As part of researching “The Overland Trains Project,” I have been able to take use some of my technical background to good use. These slides show one of the Overland Trains trailers. On Thursday, I received an envelope of old film negatives. These needed to be digitized and analyzed for content. How in the heck do I do that?

Film negatives pouch

When I was a kid, I used to buy 35mm film, take random pictures, and take them to PayLess for developing. I would get back pictures and these negatives. I did not realized until now, how important these negatives are as a part of history.
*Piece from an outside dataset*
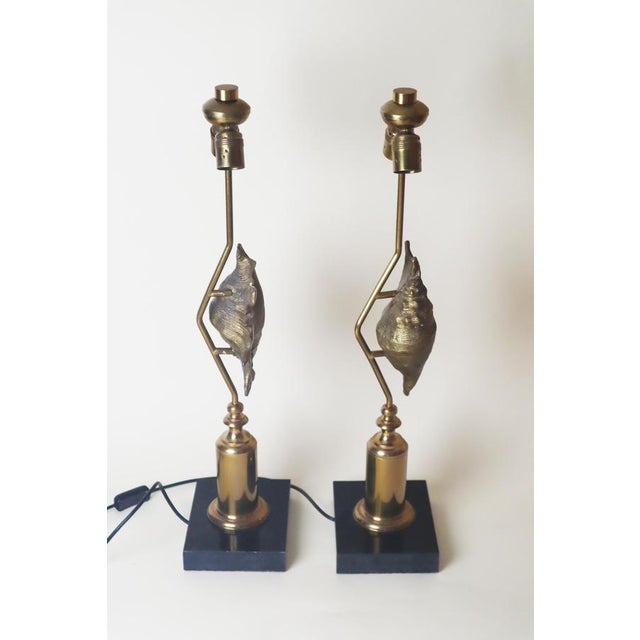 Black Hollywood Regency Seashell Shape Table Lamp with Granite by Maison Charles, Paris, 1960s, Set of 2 For Sale - Image 8 of 17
I called up a couple of pharmacy stores that had photo print capabilities. Anytime a customer wants negatives digitized, they are sent to Fuji, with a turnaround time of 2-4 weeks. Realistically, this would end up being 6-8 weeks. I searched Neeva and found out that digitizing negatives is quite simple. In short, use a high quality, uniform light source, take a completely still digital camera image, then edit the colors in a photo editor.

Rybozen 5″x4″ light table

I used a high quality digital camera to capture an image of the negative. The raw image looks like this.

Raw negative image under a light table

Next, I used Gimp photo editor to Invert the colors, which makes the image have a blue hue.

Negative image after Invert colors was applied.

Lastly, Auto Equalize the image, and you are left with a digitized negative to image.

Final processed image from film negatives

Once the image is processed, crop and apply additional filters to meet your needs.

By now, you must be wondering what is the machine in this image. One of the more recognizable feature is the Firestone 120x48x68 tires. The tires above are 10 feet tall, with the machine standing well above the tire height. The amazing thing is that the machine is not even finished. Additional slides in this series show closeups of the rims and trailer. The trailer platform for this machine is from the Overland Mark II from Yuma Proving Ground, AZ. There is an additional top deck that is placed on top – not shown. I will discuss this machine, provide additional images, and talk about the story of this machine in my book.

The photo negative above was captured by Lloyd Molby. Thanks to a few amazing people, we are able to learn and relive Lloyd’s experiences. This is just the surface.